A Confession

Rev. Cliff WarnerCliffNotes, Frontpage News

Dear Christ Church,

This past week in staff prayer we read a selection from St. Augustine’s Confessions, which reawakened me, just in time for Lent, to my favorite of all the Church Fathers.

As we prepare for Ash Wednesday next week (details here), St. Augustine is a good reminder that the goal of the Lenten season is not to simply join in the fellowship of our Lord’s sufferings, nor merely to curb our passions, but a far more glorious and compelling goal: that the blazing beauty of our God would consume us. Yes, there is a death that must occur in us, but only for the sake of a headlong dive into the Spring of life eternal. Take a moment and meditate on these quotes from St. Augustine’s Confessions, which gets a more extensive review in this piece.

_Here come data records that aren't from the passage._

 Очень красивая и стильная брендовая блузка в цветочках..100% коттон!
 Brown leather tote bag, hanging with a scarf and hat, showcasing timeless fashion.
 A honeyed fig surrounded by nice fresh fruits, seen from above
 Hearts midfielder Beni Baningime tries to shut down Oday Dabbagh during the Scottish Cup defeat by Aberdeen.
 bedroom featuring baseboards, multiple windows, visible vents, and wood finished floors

“My sin was that I sought not in God himself, but in things he had created—in myself and the rest of his creation—delights, heights, and perceptions of what was true and right, and in this way I collapsed into sufferings, embarrassments, and erring ways.”

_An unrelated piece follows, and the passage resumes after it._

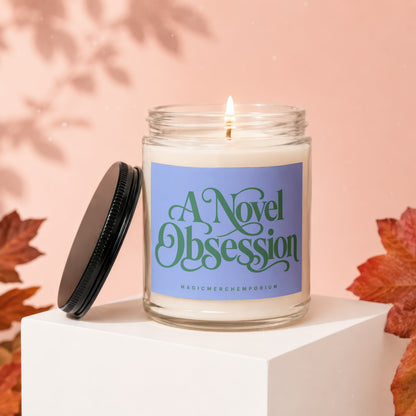 Lit glass candle with purple label reading "A Novel Obsession" and "MAGICMERCHEMPORIUM".
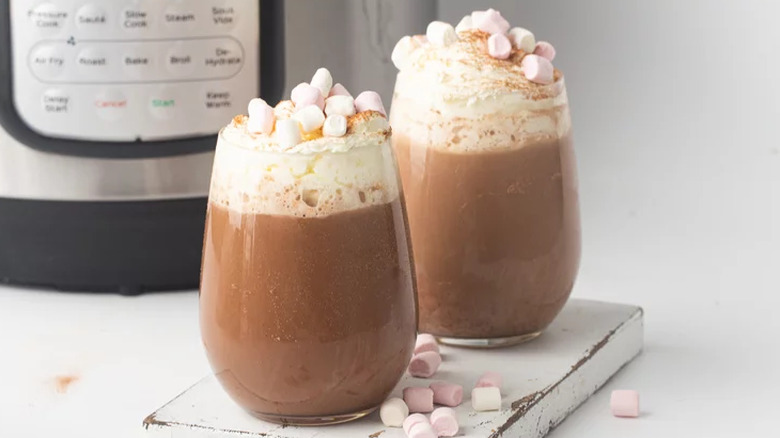 Two glasses of chocolate drink with cream and marshmallows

“You, Master, twisted me back to yourself, catching me from behind, where I’d taken up a position in my unwillingness to pay attention to what I was. You stood me firmly in front of my own face, so that I could see how ugly I was, how deformed and dirty, blotched with rashes and sores. I saw, and I shuddered with disgust, but I had nowhere to make off to.”

“Come, Master, and act, rouse us and call us back, set us alight and ravish us; blaze for us, grow sweet to us. Let us love you passionately, let us run to you.” 

“I took too long to fall in love with you, beauty so ancient and so new. I took too long to fall in love with you! But there you were, inside, and I was outside—and there I searched for you, and into those shapely things you made, my misshapen self went sliding. You were with me, but I wasn’t with you. Those things, which wouldn’t exist unless they existed in you, held me back, far from you. You called and shouted and shattered my deafness. You flashed, you shone, and you put my blindness to flight. You smelled sweet, and I drew breath, and now I pant for you. I tasted you, and now I’m starving and parched; you touched me, and I burst into flame with a desire for your peace.” 

Parched,
Cliff+

P.S. A brief reminder: Annual Parish Meeting this Sunday and Contemplative Vision, a Lenten seminar on prayer next Saturday.